Fife Council, which is facing a £11M black hole in its 2021-22 budget, is planning to take £410,000 of its funding of 19 charities and voluntary organisations after a six-month transition period.
These include charities which support struggling families such as Home Start, with several branches across Fife, and the stand-alone Cottage Family Centre in Kirkcaldy whose mission is “to influence and advocate for our children and families to ensure that in the future no child goes without, at the very least, their basic needs.”
As well as Home Start and The Cottage Family Centre, groups set to lose funding include the looked after children service Who Cares? Scotland, the Drug and Alcohol Project Leven and the couples counselling service Relationship Scotland.
The council has undertaken a “recommissioning programme” for children’s services to save money and council chiefs say some of the services they were funding were not focused narrowly enough on what the authority is hoping to achieve and offer more “universal” services such as counselling schemes targeted at parents.
Lynn Gillies, children and families service manager, sought to reassure councillors of the Education and Children’s Services Committee that these charities would be given to find alternative sources of funding and would not, as opposition leader Cllr Dave Dempsey feared, be “falling off the edge” after the six months were up.

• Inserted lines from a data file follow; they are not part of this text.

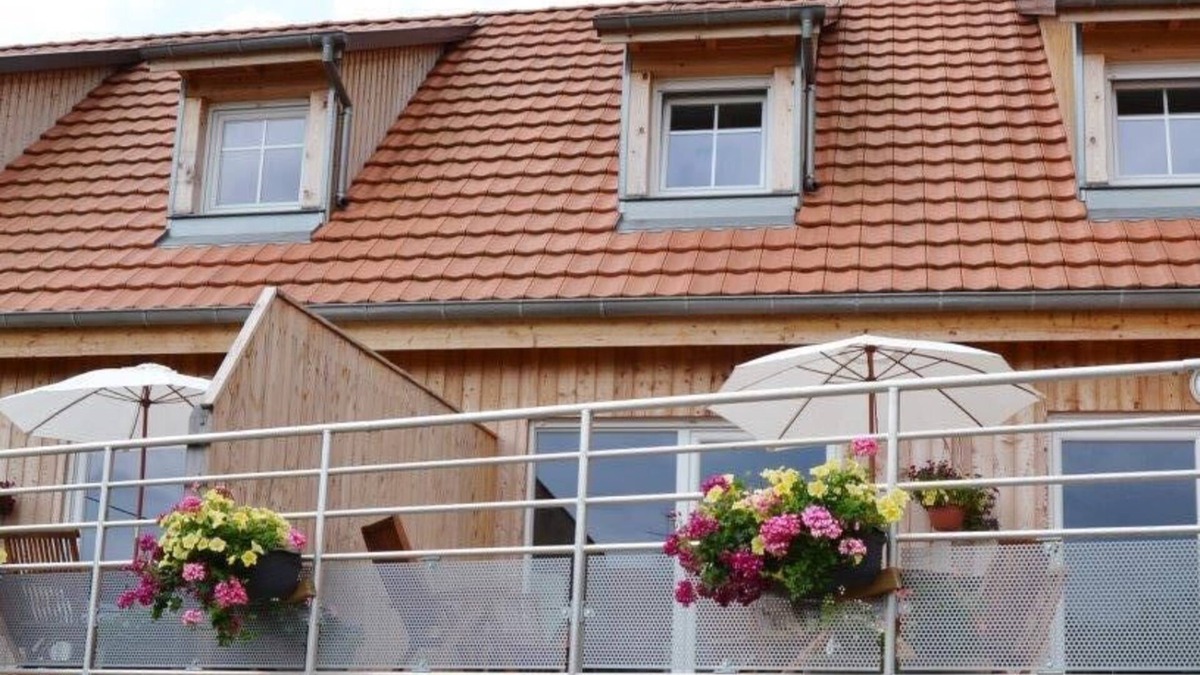Nothalten Cottage | Lodging any comfort Nothalten nine with large terrace overlooking countryside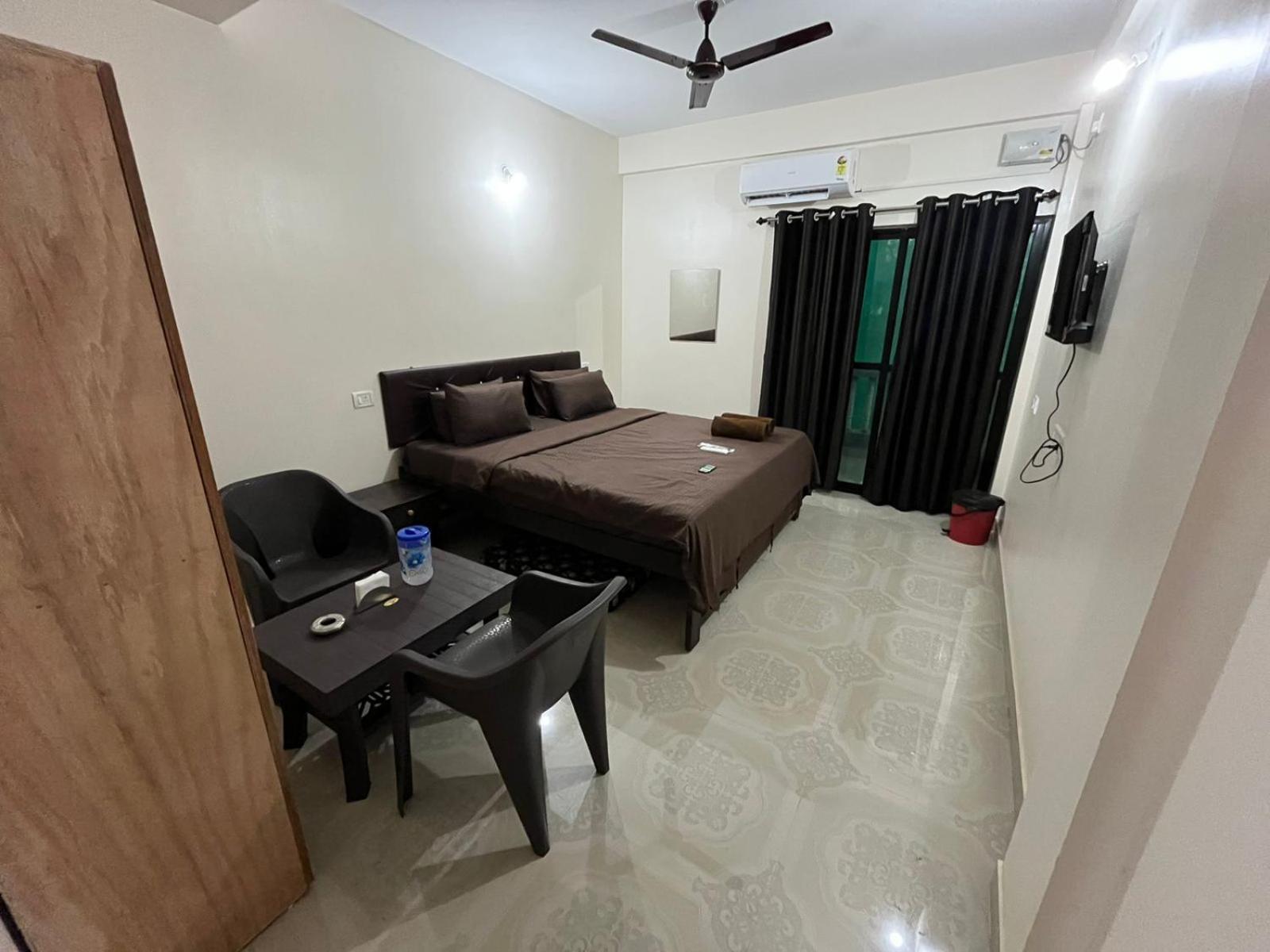 Hotel Saffron Baga Buitenkant foto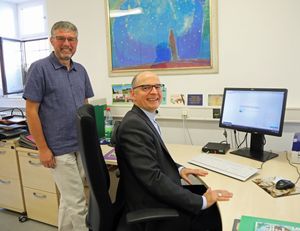 Bischof Dr. Franz Jung setzt seinen Namen unter die Online-Petition für ein "Lieferkettengesetz". Links Alexander Sitter von der Diözesanstelle Weltkirche des Bistums Würzburg. Bischof Dr. Franz Jung setzt seinen Namen unter die Online-Petition für ein "Lieferkettengesetz". Links Alexander Sitter von der Diözesanstelle Weltkirche des Bistums Würzburg.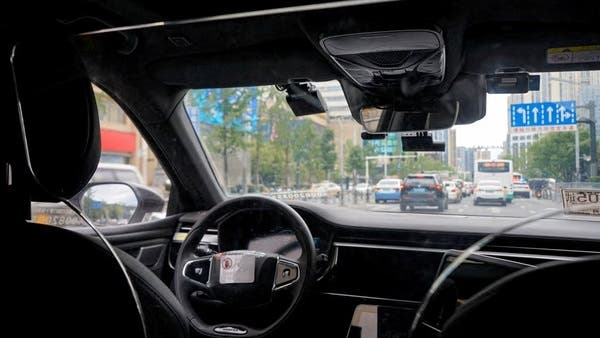 تاكسيات بلا سائق في شوارع لندن.. “أوبر” و”ليفت” تختبران روبوتاكسي “بايدو” الصينية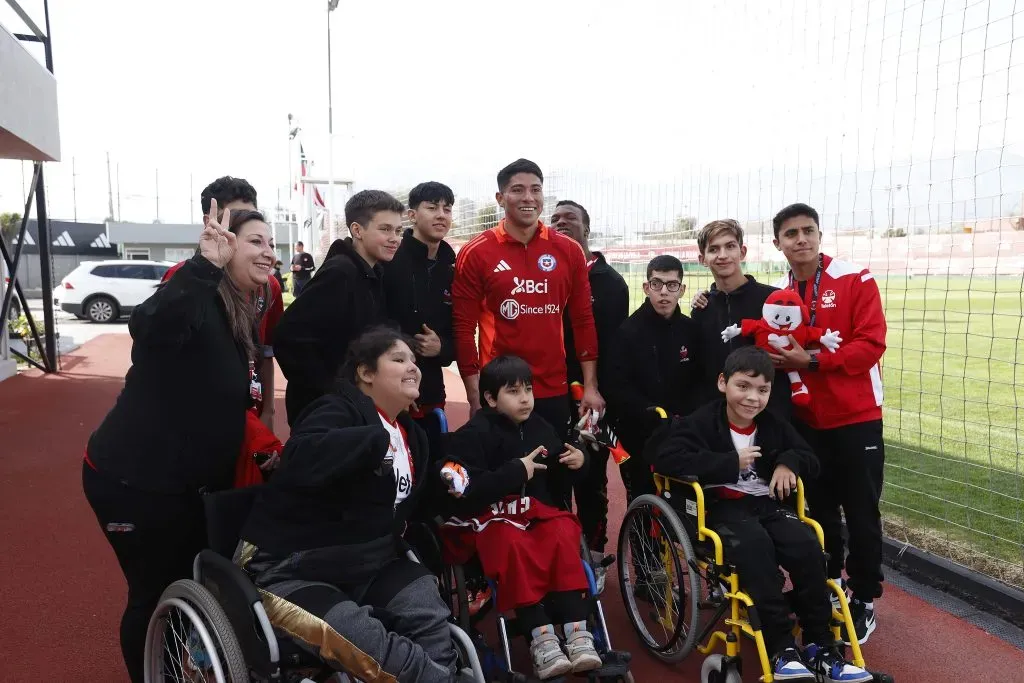 La visita de la Teletón a la Roja | Carlos Parra/Comunicaciones FFCH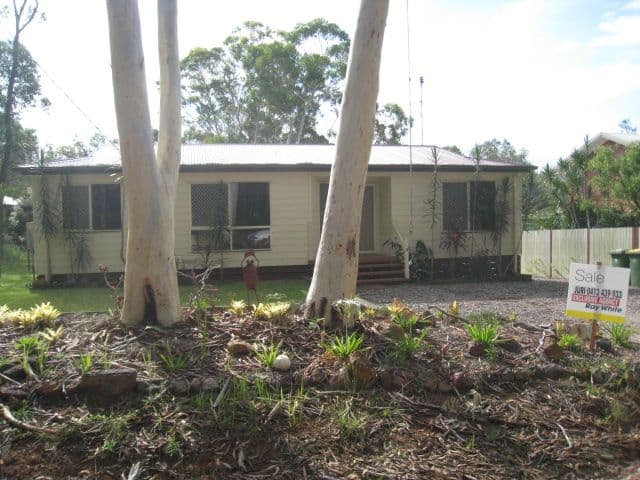 4 Toolona Avenue, RUSSELL ISLAND QLD 4184, Russell Island - Thumbnail 2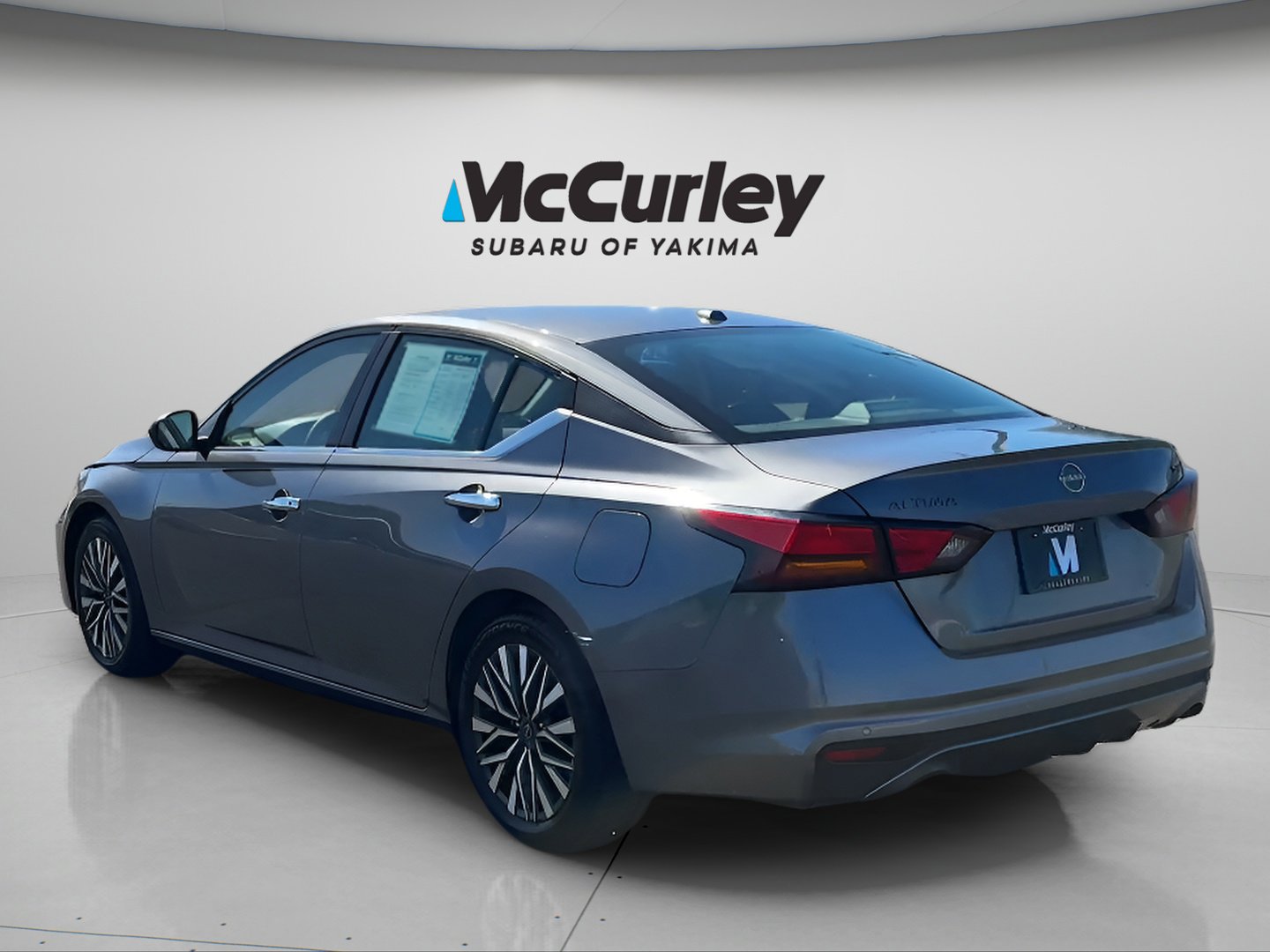 Used 2024 Nissan Altima 2.5 SV FWD image 3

Mr Dempsey said he had been contacted by some organisations affected, adding: “If these organisations are providing a service that is value for money that’s something we shouldn’t get rid of just because it doesn’t meet a particular brief.”
Ms Gillies responded: “What we do recognise in this process and have done for some time is we will have some specialist organisations who may because of what they offer may not naturally fit with some of the new prioritisation of services that we require to meet the objectives of the children and family strategy.
“We will work with organisations to look at the scope of what they offer, the wider funding opportunities where there might be a more natural fit for these organisations to enable them to continue to have a footprint in Fife.”
Kathy Henwood, Head of Children and Families and Criminal Justice Services, said organisations would be given help to find new funding in what she branded “a two-pronged attack”. She added: “We need to wrap around support in a different way – that does mean our investment have to be supporting young people, children and families in that targeted space.
“We’re going to be working really intensively with those providers to get their issues resolved at the earliest.”
Committee convener Cllr Craig Walker – said the council administration was not seeking to take an adversarial approach. He said: “This isn’t a process where it’s six months and then a cliff edge. It’s about working with the third sector – a partnership between what the council requires and what the third sector is providing.”